Friends with Benefits baffles me as movie. Not because it’s bad (it’s not), but because the whole premise just blows my mind. From top to bottom, I just couldn’t relate to ANY of it. Hear me out:
Reason #1: His FWB is Mila Kunis. Seriously? That’s who you have as a FWB? Who do you have as a girlfriend then, the pope?

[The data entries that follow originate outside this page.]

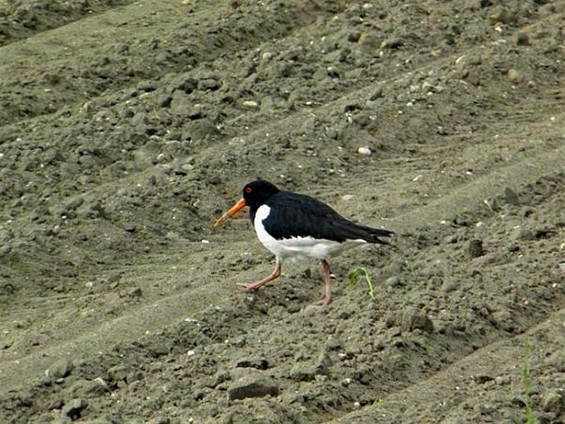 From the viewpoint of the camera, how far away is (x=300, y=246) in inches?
401

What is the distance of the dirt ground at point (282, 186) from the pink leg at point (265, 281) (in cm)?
11

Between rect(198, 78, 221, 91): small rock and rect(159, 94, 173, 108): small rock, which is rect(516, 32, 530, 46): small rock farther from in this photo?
rect(159, 94, 173, 108): small rock

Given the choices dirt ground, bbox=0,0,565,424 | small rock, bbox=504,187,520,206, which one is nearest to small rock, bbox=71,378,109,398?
dirt ground, bbox=0,0,565,424

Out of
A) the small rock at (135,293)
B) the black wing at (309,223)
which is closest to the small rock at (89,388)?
the small rock at (135,293)

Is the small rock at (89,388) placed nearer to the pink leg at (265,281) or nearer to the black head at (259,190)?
the pink leg at (265,281)

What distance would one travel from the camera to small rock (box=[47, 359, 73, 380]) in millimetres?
8891

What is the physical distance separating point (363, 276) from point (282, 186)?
5.26ft

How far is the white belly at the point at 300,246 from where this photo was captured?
33.0ft

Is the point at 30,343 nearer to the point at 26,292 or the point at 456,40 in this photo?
the point at 26,292

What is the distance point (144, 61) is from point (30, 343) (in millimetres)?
4611

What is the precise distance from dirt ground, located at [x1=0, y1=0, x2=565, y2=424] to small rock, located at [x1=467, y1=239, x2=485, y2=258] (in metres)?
0.01

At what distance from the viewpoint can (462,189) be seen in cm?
1130

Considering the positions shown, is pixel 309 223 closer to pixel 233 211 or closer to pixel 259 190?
pixel 259 190

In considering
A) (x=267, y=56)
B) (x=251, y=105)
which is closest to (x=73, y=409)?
(x=251, y=105) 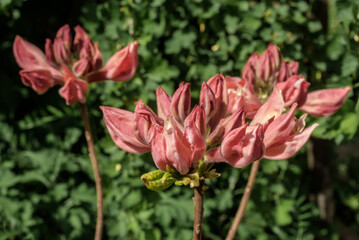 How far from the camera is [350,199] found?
2748mm

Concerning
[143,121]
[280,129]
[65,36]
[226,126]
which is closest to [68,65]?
[65,36]

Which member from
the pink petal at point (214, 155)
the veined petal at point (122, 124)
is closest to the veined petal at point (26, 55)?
the veined petal at point (122, 124)

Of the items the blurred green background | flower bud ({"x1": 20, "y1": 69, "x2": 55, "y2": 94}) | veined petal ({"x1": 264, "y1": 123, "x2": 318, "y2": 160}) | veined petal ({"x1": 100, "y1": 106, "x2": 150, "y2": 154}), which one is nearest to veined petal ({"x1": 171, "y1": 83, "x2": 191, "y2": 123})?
veined petal ({"x1": 100, "y1": 106, "x2": 150, "y2": 154})

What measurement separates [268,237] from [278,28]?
43.7 inches

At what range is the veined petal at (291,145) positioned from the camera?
0.96 metres

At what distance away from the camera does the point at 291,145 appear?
37.9 inches

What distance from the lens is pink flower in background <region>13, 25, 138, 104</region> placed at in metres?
1.37

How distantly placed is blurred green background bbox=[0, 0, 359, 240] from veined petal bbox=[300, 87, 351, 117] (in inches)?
15.6

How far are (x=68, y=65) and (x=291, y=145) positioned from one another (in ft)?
2.85

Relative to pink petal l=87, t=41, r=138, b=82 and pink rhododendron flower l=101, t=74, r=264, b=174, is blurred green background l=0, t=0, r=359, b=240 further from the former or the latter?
pink rhododendron flower l=101, t=74, r=264, b=174

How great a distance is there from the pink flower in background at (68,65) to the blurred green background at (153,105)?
41cm

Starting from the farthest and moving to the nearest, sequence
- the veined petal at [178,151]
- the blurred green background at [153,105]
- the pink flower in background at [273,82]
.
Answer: the blurred green background at [153,105], the pink flower in background at [273,82], the veined petal at [178,151]

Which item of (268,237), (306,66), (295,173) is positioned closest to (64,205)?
(268,237)

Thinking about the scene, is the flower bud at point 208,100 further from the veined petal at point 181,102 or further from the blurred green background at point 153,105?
the blurred green background at point 153,105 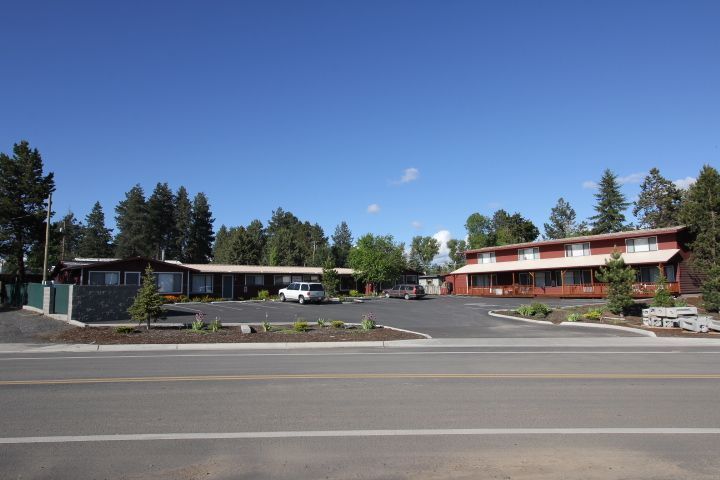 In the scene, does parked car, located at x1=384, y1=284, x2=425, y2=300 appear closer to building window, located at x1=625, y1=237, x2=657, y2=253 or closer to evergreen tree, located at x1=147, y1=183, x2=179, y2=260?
building window, located at x1=625, y1=237, x2=657, y2=253

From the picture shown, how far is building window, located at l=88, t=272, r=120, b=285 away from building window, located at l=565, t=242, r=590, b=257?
128 ft

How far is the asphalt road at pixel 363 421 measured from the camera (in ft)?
18.1

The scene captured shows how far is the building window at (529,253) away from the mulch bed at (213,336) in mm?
34557

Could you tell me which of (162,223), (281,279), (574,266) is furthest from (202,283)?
(162,223)

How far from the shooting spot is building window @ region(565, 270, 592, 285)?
4662 cm

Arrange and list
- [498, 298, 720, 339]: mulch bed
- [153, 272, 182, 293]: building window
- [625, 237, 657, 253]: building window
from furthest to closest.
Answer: [153, 272, 182, 293]: building window, [625, 237, 657, 253]: building window, [498, 298, 720, 339]: mulch bed

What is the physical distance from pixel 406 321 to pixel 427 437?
20.5 metres

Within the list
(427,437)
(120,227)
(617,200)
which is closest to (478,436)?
(427,437)

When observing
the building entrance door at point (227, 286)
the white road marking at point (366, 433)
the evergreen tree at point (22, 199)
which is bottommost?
the white road marking at point (366, 433)

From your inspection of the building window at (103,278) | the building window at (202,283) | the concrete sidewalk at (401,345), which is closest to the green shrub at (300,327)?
the concrete sidewalk at (401,345)

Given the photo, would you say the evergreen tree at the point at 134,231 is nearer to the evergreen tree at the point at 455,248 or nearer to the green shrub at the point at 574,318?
the evergreen tree at the point at 455,248

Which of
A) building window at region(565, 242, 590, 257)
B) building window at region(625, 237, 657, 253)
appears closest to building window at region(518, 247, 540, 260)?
building window at region(565, 242, 590, 257)

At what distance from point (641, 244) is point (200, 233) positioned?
73.7 metres

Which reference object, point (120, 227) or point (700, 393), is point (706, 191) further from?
point (120, 227) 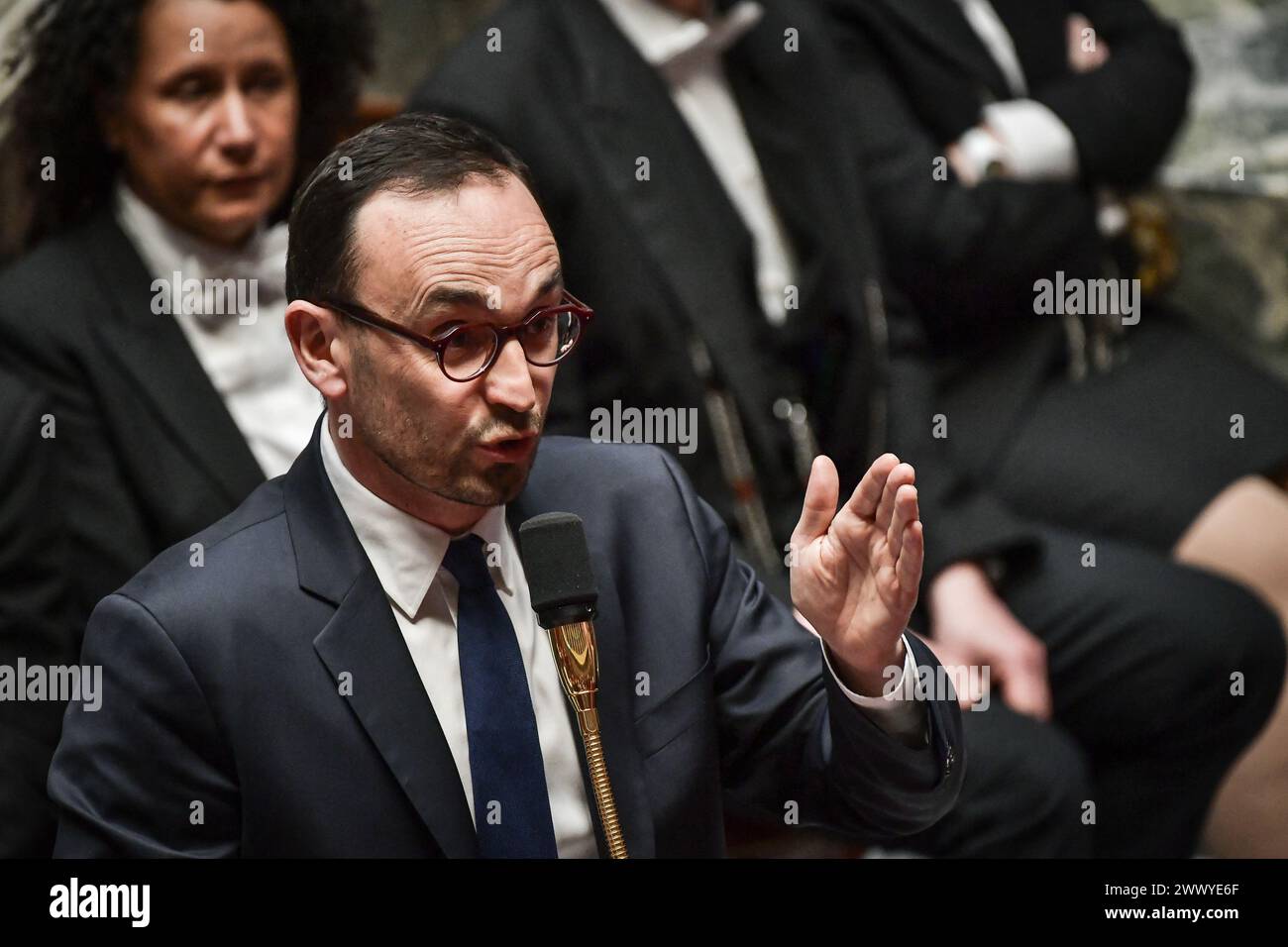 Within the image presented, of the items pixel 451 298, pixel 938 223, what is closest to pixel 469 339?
pixel 451 298

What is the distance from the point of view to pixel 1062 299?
7.70 feet

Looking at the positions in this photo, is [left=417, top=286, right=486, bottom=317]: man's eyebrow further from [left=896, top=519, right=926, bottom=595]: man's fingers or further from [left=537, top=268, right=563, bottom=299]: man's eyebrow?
[left=896, top=519, right=926, bottom=595]: man's fingers

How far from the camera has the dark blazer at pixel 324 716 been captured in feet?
3.91

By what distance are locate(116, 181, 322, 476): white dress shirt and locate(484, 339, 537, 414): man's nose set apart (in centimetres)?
25

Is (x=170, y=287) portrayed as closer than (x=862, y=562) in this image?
No

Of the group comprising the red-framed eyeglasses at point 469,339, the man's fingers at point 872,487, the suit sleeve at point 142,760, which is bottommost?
the suit sleeve at point 142,760

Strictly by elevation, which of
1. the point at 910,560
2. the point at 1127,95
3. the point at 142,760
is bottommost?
the point at 142,760

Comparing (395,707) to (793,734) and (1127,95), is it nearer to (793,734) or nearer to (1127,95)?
(793,734)

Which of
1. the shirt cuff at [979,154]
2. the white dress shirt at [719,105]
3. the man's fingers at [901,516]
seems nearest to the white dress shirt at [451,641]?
the man's fingers at [901,516]

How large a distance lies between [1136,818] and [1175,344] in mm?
696

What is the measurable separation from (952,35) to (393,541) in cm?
140

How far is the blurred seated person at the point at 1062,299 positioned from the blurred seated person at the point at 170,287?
Result: 0.88 metres

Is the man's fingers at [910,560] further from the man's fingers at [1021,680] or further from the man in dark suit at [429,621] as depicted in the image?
the man's fingers at [1021,680] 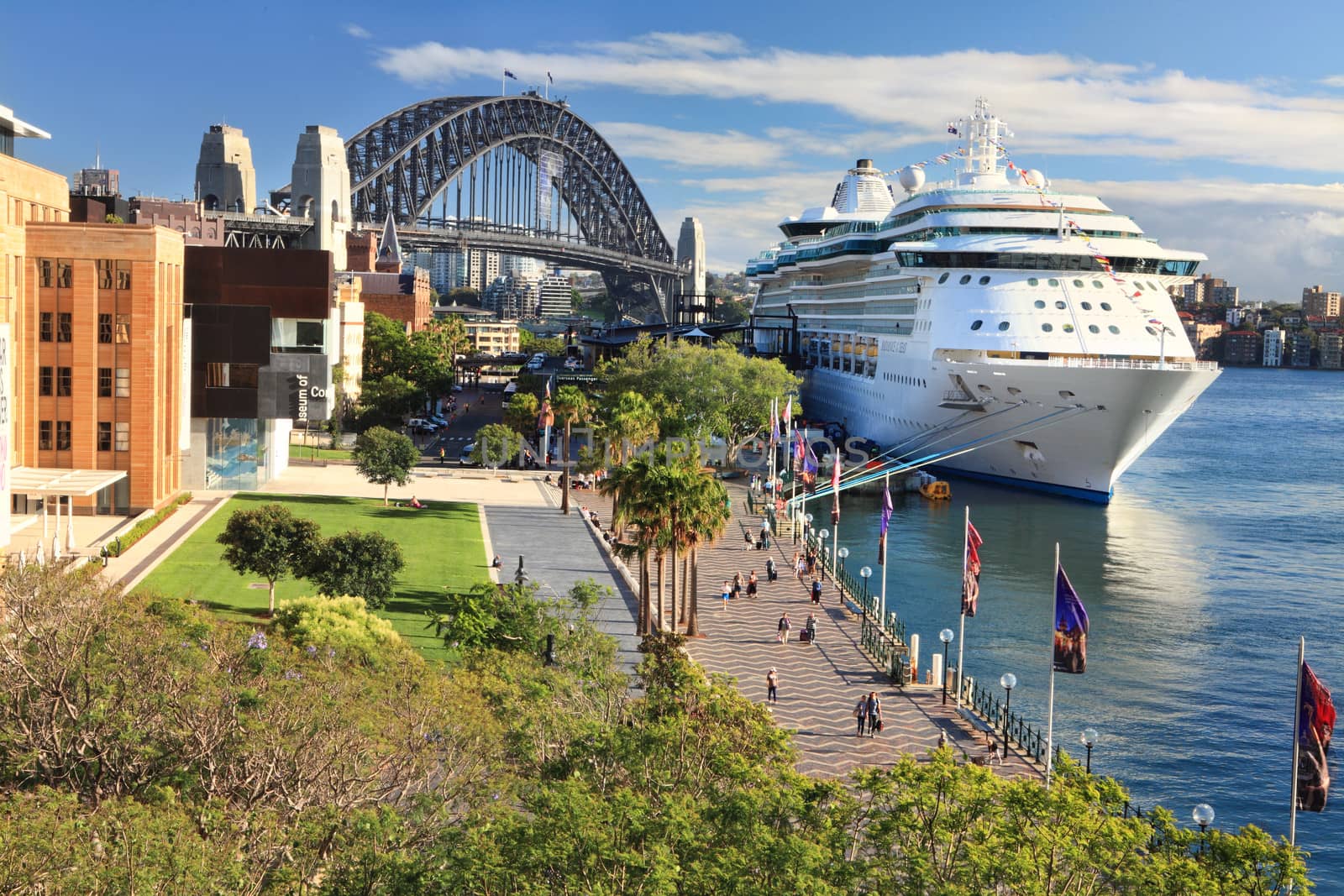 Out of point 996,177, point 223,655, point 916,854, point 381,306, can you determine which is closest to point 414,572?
point 223,655

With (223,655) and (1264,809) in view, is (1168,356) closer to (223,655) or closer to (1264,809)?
(1264,809)

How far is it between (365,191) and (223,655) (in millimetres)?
158429

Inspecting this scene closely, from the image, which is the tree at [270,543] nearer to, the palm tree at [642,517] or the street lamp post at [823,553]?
the palm tree at [642,517]

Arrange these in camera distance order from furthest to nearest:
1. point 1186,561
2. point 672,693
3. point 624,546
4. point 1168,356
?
point 1168,356
point 1186,561
point 624,546
point 672,693

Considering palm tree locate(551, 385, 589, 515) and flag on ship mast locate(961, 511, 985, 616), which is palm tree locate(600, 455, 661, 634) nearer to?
flag on ship mast locate(961, 511, 985, 616)

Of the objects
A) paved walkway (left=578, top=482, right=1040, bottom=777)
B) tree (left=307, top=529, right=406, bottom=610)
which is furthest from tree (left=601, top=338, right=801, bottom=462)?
tree (left=307, top=529, right=406, bottom=610)

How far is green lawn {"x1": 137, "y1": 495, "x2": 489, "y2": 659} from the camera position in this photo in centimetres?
4072

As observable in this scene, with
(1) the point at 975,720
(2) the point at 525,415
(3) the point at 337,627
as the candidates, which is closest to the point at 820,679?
(1) the point at 975,720

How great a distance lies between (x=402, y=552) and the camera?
51.4 metres

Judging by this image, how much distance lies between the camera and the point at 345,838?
18.3 meters

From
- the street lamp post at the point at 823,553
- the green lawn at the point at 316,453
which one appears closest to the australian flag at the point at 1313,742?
the street lamp post at the point at 823,553

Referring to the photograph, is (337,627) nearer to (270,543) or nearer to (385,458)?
(270,543)

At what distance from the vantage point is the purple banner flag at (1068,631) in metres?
30.2

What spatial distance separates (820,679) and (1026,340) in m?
42.7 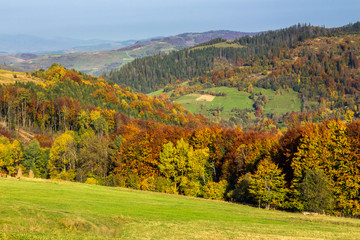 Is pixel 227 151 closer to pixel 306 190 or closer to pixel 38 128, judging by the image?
pixel 306 190

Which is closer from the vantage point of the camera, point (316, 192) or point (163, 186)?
point (316, 192)

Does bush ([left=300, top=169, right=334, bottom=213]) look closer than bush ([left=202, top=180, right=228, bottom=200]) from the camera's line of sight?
Yes

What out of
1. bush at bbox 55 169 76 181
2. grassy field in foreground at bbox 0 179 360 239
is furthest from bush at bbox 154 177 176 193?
grassy field in foreground at bbox 0 179 360 239

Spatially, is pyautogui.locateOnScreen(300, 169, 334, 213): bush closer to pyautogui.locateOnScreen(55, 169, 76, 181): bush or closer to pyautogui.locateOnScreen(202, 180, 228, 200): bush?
pyautogui.locateOnScreen(202, 180, 228, 200): bush

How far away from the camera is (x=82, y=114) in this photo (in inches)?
6629

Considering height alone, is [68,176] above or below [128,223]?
below

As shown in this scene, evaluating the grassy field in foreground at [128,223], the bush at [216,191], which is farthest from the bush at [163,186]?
the grassy field in foreground at [128,223]

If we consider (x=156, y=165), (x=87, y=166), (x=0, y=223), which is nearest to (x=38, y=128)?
(x=87, y=166)

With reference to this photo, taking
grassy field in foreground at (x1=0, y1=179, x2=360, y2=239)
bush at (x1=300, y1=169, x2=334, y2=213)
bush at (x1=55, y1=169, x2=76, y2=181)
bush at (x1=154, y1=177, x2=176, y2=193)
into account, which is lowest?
bush at (x1=55, y1=169, x2=76, y2=181)

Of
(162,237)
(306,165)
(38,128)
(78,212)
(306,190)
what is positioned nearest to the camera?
(162,237)

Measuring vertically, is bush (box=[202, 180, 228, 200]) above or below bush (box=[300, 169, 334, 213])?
below

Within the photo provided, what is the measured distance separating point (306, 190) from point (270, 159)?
53.8ft

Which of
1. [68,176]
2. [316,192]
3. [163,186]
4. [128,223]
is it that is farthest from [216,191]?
[128,223]

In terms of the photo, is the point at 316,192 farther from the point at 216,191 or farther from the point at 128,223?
the point at 128,223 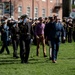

Reason #2: This whole situation reminds me of that movie The Vow where Rachel McAdams wakes up and forgets that she’s married to Channing Tatum. If you wake up married to Channing Tatum you don’t freak out and run back to your family; you post some pics on Facebook, make those bitches from high school jealous and CALL IT A DAY. Same with Friends With Benefits; the second Mila Kunis wants to even hang out with you, you don’t sit around evaluating things. You cash out, leave the table and call it a day. “Shut it down! THAT’S A WRAP”
Reason #3: He’s the art director for GQ. Seriously? For GQ? In New York? Like what the hell, this guy’s life is like a million times better than mine. I’m slugging it out in the 9-5 and this guy is doing interviews with super models and Mark Sanchez; how in the world am I supposed to feel sorry for him? Did you even see his apartment in the movie? THERE’S WOOD EVERYWHERE!
Reason #4: He looks just like Justin Timberlake! Again there is no way I can feel sorry for him. Oh, it must be so hard being super charming and handsome all the time. Worst comes to worst, he’ll probably end being BFF’s with Jimmy Fallon or wind up on the cover of GQ. How am I supposed to relate to any of that?